Exercise goal :: From the line that contains "下穿京广铁路，拆除西古城立交！石家庄市北三环市政化改造二期方案公布" to the last line of the entries, set down each line exactly as written, both ends included, with nothing else.

Study material ::

====

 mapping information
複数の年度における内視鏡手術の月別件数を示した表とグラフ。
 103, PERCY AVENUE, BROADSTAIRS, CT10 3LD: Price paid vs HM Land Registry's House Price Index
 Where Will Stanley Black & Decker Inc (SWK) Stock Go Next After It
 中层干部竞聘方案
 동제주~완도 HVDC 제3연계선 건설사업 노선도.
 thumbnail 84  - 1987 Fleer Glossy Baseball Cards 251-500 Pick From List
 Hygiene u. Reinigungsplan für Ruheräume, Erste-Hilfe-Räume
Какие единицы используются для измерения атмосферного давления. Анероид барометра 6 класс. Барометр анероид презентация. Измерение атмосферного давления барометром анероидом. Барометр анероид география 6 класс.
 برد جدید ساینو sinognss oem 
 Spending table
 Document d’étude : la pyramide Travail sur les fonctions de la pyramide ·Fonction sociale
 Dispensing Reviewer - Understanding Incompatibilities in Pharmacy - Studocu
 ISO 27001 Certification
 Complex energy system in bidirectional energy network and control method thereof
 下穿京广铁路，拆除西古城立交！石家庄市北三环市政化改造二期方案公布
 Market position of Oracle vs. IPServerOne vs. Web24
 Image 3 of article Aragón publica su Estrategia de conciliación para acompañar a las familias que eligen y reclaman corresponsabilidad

====

Written reply ::
 下穿京广铁路，拆除西古城立交！石家庄市北三环市政化改造二期方案公布
 Market position of Oracle vs. IPServerOne vs. Web24
 Image 3 of article Aragón publica su Estrategia de conciliación para acompañar a las familias que eligen y reclaman corresponsabilidad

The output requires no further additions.